Practice noticing your thoughts daily – write some in a journal when you become aware of them. It’s important not to keep feeding into those thoughts, simply notice it, record it, then keep doing what you were doing. See how many times you might notice any negativity.
Allow me to share a relevant quote from Louise Hay. She said,
“Whatever is happening out there is only a mirror of our own inner thinking.” Louise Hays
When our inner world is negative it will show through in many areas of our lives.
Make a Commitment to Love Yourself
This means you need to make the decision to keep working through the process of learning to love yourself, even on bad days. Cos bad days do happen. If you’ve committed to working on developing and building on yourself love, then this will help you be consistent and it will improve how you feel about yourself.

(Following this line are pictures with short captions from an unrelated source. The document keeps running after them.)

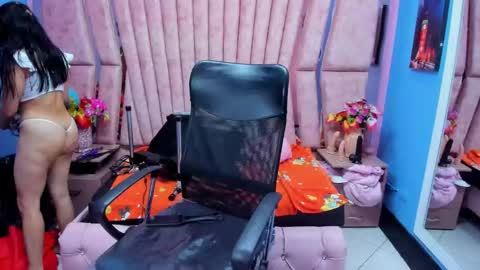 Snapshot of hornyskinny26 chatting on 11/05/25, 05:18 hornyskinny26 online show from 11/05/25, 05:18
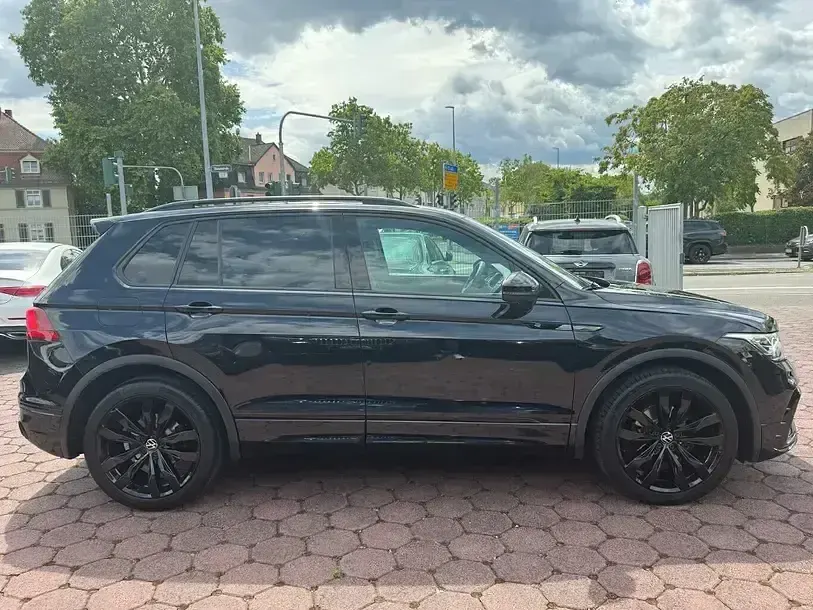 Gebraucht VW Tiguan Style 150 PS (110 kW) 2022 Schwarz SUV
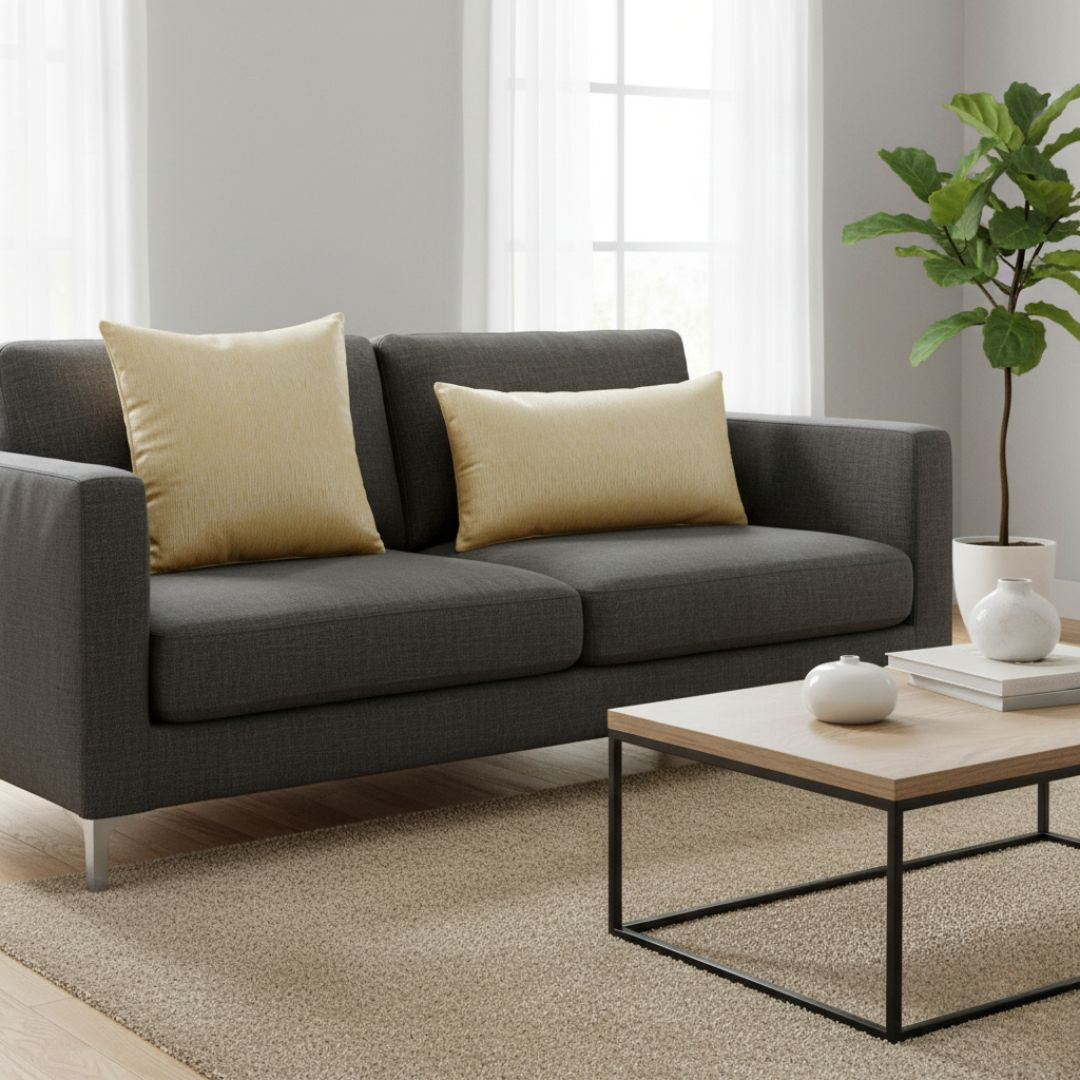 Díszpárna betéttel - Arany csíkos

Once you’ve kept a record of your negative self talk for at least a few days so that you don’t dwell and get stuck on those thoughts. you can create a list of how to reframe those thoughts into something more positive.
For example, let’s say you had the thought,
“I’m so useless with this subject, I’m so dumb at this.’
Reframe it to, “I’m aware that I’m finding this subject challenging and I choose to speak with my teacher about it in the morning. I am working hard and concentrating on this work. I’ve already done some of the work and understand some parts.
Through the practice of mindfulness, you can become more aware of your thoughts and manage them with focus and kindness. Acknowledge their presence but don’t have a discussion with yourself over them being there. It’s okay to have thoughts, they are normal. The trick is to not engage with them, get angry with them for being there or push them away.
We all make mistakes. We are usually tougher on ourselves than others. This creates an unkind internal world that decimates self-love. Especially if we are prone to dwell on these mistakes. Think about it this way, would you forgive your friend for the same thing you’re upset wit yourself about? If so, then be kind to yourself too and forgive yourself. You’re human and it’s okay to not be perfect.
Many of us are busy and have high aspirations which can lead to high expectations. When this gets challenging it’s common for many to criticize themselves which can have a strong impact on mental wellbeing and love for yourself. Many perfectionists tend to be prone to this type of inner criticism which can wreak havoc on self-love.
Hypnosis Nurture Self Love
Hypnosis is a valuable tool in helping to shift thought patterns that may impact how we feel about ourselves. Especially at the subconscious level.
If negative self talk, a strong inner critic and being unkind to yourself has been an ongoing theme for you, it might take multiple approaches to address changing this pattern. Hypnosis is a very effective way of accessing the subconscious mind and help you adapt new behaviours and changes that you might struggle to do without this additional tool.
Below is just a few that are offered through ehypnosis.com In particular, the self-esteem hypnosis as well as connecting with your body can help one increase self-acceptance and self-love.
I value self-care immensely. It’s the action of doing something you enjoy for yourself, not for anyone else. Something that nurtures you, that you relate to and have an interest in.
It might be yoga or going for a walk before everyone gets up. Be sure to look after yourself so you can look after others around you. This also fosters and builds on your self-love and compassion.
So in order to nurture you and build on your self-love, take action and work out your plan on how to practice self-love in your own way.
Remember to be kind to yourself, be kind to others, and accept the wonderful person you really are. Learn to love your imperfections.
7 Replies to “How to Practice Self Love and Why it Matters”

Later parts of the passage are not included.